How well can AI agents build a browser-based MMORPG from scratch? We benchmark the leading models to find out.

Same Instructions

Every AI agent receives identical instructions to build a 3D browser-based MMORPG.

AI Builds the Game

The agent works autonomously. We record the time, prompts needed, and final output.

We Score It

Each completed step earns points. Results go on the leaderboard.

Leaderboard

Rank	Tool	Model	Score	Tested	Duration	Agents Used	Play Game

Scoring Categories

20 steps are scored across 5 categories.
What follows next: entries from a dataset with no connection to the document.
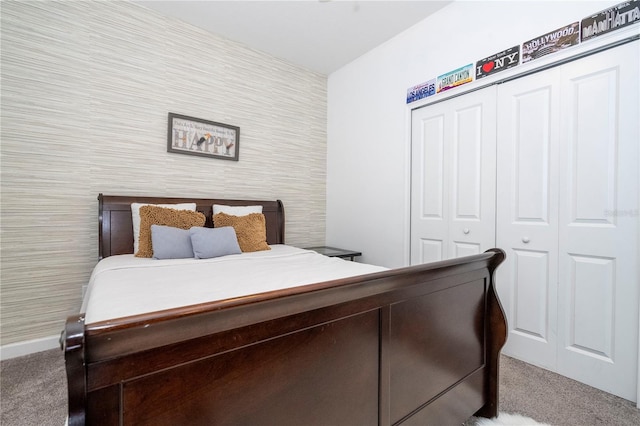 bedroom with carpet and a closet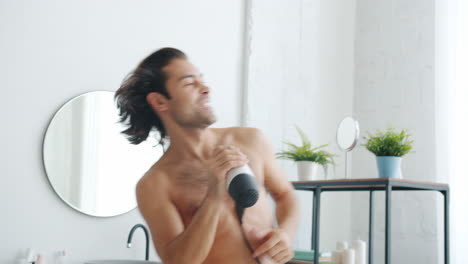 man singing in bathroom with hair dryer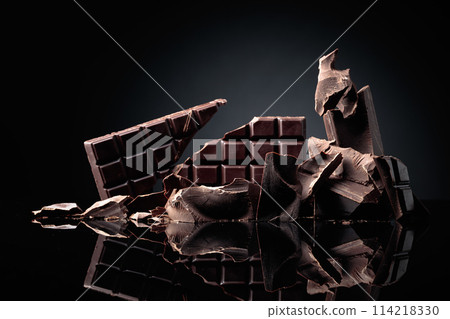 A broken chocolate bar and pieces of dark chocolate on a black reflective background. A broken chocolate bar and pieces of dark chocolate on a black reflective background. 114218330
Each step is rated 0-4: does not work (0), works with bugs (1), minimal implementation (2), good (3), or excellent (4).

Platform & Delivery

Build tooling, deployment stability, documentation, and project planning.

Online Services

Authentication, real-time networking, player presence, and chat systems.

Gameplay Systems

World structure, monsters, combat, inventory, progression, and balance.

Player Interface

Controls, camera, HUD, and UI elements for navigating the game world.

Presentation

Graphics quality, animations, and overall visual polish of the game.

How It Works

What We Test

We compare AI models and coding tools by having them build web-based MMORPGs. It's not meant to be a comprehensive AI benchmark -- it's a focused, practical test that tracks real progress in autonomous software development.

How We Test

Every agent receives the same instructions. Some steps are highly detailed, others are intentionally left open for the AI to decide. Instructions are given once. If an agent stops early, follow-up prompts are issued to continue -- but steps that required repair prompts receive 0 points.

How We Score

Each step is rated on a 0-4 scale: does not work (0), works with bugs (1), minimal implementation (2), good (3), excellent (4). Points are summed into the final score. Additional points may be awarded for overall look and feel.